The Eisenhower Matrix can help marketing teams decide on and prioritize tasks by urgency and importance. (Credit: Max Bidna who discovered it in the book Free to Focus.)
Lesson #8: You Need to Run Tests. Then Run Them Again (and Again)
“As marketers, we like to think we have a better eye than most when it comes to creative. But, testing shows the downfall of this assumption every day.”
Session speaker:
- Jess Cook, Head of Content at LASSO (ex Marpipe)
Big takeaways:
- We as marketers need to realize that we’re not as good at making predictions as we like to think. Assuming that we always know what we’re doing hurts our results.

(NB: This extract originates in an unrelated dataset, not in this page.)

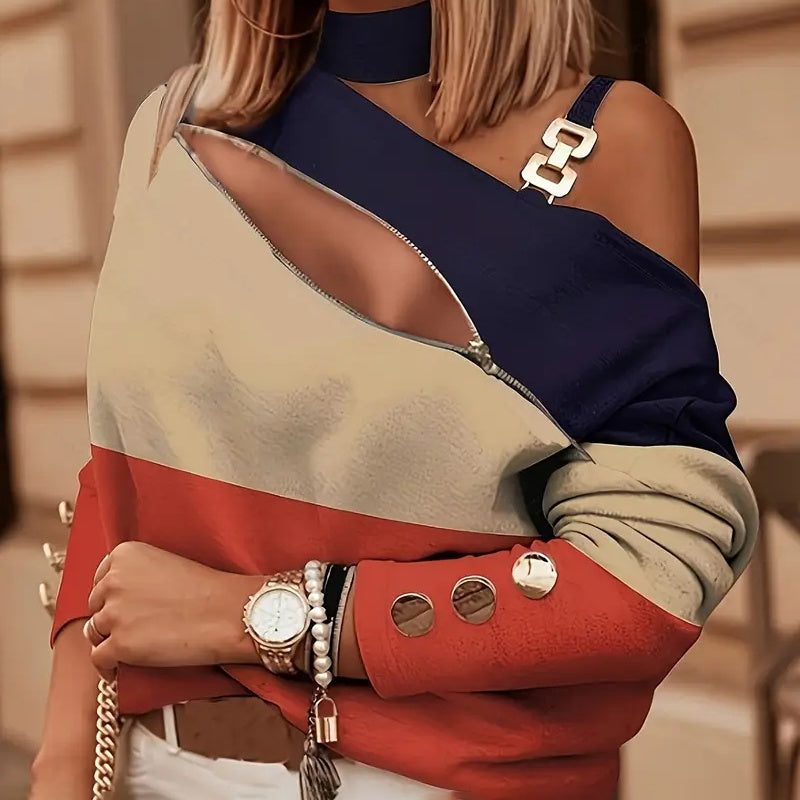 Elegant Zip-Front Cold Shoulder Top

- When it comes to testing a marketer’s intuition, you might as well flip a coin. Cook conducted a rigorous A/B test with marketers to evaluate the accuracy of their predictions, and marketers came up wrong more often than not. The inability to predict creative performance is universal across all marketing roles.
- There is no crystal ball, but there is a lot you can do. It comes down to testing your assets and campaigns again and again. And again.

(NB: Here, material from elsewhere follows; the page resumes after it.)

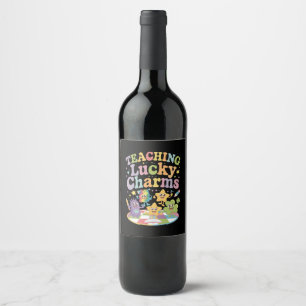 Étiquette Pour Bouteilles De Vin Enseignement Lucky Charms Enseignant St Patricks D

You might not be as good at guessing an outcome as you think. From VPs to performance marketers, people struggle to guess how campaigns turn out. (Credit: Jess Cook)

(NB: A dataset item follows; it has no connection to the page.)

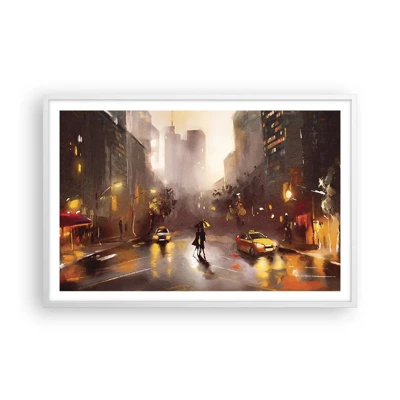 Poster in white frmae - In New York Lights - 91x61 cm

Lesson #9: AI is Your Robot Assistant Helping You Scale
“If you aren’t using story to inform AI, you’re using it wrong.”
Session speaker:
- Ian Martins, Managing Partner, Bell Curve
Big takeaways:
- Scaling campaigns is not a media buying problem, it’s a creative problem.
- Building a sellable story using AI requires “layered” thinking. You’ll need to be strategic about how you input commands to the AI, so it’s best to build out a spreadsheet outlining personas, value propositions and hooks. Contextualize these for each funnel stage.
Lesson #10: Master the Art of Telling Your Brand's Story
“Positioning can’t be done in a vacuum, it can’t just be a ‘marketing thing.’ It has to be a CEO thing as well—maybe one of the top three things they should care about.”
Session speaker:
- Dave Gerhardt, Founder at Exit Five
Big takeaways:
- Make your story your strategy. If you don't have a story, there are tools that can help: Obviously Awesome, Story Brand and Founder Brand are popular options.
- In the simplest form, answer clearly and directly: Who is your product for? What does your product do? Why is it different/better?
- If you do have a story, but need to drive alignment, ask for 30 minutes to present to the exec team on the current story, and work with senior leaders to turn that story into a company strategy for 2023.
- If you can't get people on board with your story, it either means the story is wrong or the people you’re working with don’t have room in their strategy for good marketing (yikes).
Lesson #11: Take a Good Hard Look at the Interest Your Community Might Generate
“Be honest with yourself: Is there a community of people who would want to educate themselves [on your product/service]? If there are, these people can grow into extensions of your brand."
Session speaker:
- Meghan Keaney Anderson, Head of Marketing at Jasper
Big takeaways:
- Not every brand needs or will benefit from a community. To make the most of a community, be purposeful with its intention and honest about whether interest exists.
- There are communities of platform and communities of practice. Know which you fall into before starting your own.
- Find your brand advocates, and use them in your community.
Make Smart Bets
Though we’ve done our best, the lessons learned throughout the summit simply can’t be contained on a single page. We encourage you to poke through or revisit Momentum Summit: Fueling Growth During Uncertain Times when you can. The combined insights of these sessions are guaranteed to shift your mindset—and maybe even your strategy as you enter the year ahead.
If there’s one point that our marketing and creative leaders kept coming back to, it’s the idea of making smart bets rather than playing it 100% safe. While there’s a tendency to want to protect every dollar in the short term, this has never—and will never—position businesses for long-term growth. Focus on making decisions and finding creative partners whose ethos and practices scale your team.